▶ **What you are asked to do**
Scan the data for "haining" and copy each matching line.

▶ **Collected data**

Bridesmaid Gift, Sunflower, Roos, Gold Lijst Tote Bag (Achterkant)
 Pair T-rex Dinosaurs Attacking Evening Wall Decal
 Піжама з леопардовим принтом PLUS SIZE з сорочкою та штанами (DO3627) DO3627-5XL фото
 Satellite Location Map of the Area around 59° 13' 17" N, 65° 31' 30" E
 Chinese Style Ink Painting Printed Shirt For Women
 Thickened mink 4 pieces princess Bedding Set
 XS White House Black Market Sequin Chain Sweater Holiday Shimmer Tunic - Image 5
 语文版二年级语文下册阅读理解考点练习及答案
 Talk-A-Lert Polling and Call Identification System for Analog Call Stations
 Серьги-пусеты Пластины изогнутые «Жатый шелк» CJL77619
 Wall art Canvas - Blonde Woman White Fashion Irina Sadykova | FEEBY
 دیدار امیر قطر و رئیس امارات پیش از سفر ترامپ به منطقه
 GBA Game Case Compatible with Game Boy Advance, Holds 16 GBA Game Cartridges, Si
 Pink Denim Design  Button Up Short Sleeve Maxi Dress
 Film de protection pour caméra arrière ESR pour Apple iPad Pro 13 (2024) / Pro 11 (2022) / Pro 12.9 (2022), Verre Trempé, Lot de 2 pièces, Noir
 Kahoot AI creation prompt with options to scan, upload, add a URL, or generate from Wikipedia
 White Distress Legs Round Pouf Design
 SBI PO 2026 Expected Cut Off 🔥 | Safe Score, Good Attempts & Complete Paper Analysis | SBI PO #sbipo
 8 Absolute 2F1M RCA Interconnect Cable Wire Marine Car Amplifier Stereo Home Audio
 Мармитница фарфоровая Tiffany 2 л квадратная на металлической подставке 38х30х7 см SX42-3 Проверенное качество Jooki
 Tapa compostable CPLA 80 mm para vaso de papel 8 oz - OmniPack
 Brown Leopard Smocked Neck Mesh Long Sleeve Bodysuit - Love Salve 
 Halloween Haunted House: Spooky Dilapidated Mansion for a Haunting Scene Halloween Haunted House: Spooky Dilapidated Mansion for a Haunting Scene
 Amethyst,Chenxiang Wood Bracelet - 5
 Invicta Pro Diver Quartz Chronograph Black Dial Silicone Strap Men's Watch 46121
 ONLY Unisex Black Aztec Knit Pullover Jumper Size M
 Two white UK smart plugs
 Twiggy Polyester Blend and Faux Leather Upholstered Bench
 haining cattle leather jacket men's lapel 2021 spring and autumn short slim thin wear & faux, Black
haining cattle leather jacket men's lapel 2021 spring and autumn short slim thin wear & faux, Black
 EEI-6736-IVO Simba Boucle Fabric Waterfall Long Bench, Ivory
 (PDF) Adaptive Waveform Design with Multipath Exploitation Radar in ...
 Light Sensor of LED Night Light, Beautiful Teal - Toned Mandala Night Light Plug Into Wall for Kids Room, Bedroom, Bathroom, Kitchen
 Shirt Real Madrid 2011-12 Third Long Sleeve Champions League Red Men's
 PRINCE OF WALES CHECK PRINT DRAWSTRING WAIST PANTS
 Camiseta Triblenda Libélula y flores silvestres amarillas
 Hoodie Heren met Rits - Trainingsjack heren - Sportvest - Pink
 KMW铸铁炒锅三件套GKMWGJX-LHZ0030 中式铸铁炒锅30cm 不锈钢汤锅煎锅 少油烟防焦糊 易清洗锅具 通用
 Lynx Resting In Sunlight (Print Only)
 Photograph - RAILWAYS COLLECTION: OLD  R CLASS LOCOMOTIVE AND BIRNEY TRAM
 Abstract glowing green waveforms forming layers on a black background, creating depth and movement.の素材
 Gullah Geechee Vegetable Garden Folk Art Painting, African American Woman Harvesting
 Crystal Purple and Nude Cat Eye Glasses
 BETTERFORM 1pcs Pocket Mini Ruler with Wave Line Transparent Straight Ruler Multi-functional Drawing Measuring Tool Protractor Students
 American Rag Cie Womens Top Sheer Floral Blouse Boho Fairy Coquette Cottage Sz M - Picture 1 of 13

▶ **Exercise response**
 haining cattle leather jacket men's lapel 2021 spring and autumn short slim thin wear & faux, Black
haining cattle leather jacket men's lapel 2021 spring and autumn short slim thin wear & faux, Black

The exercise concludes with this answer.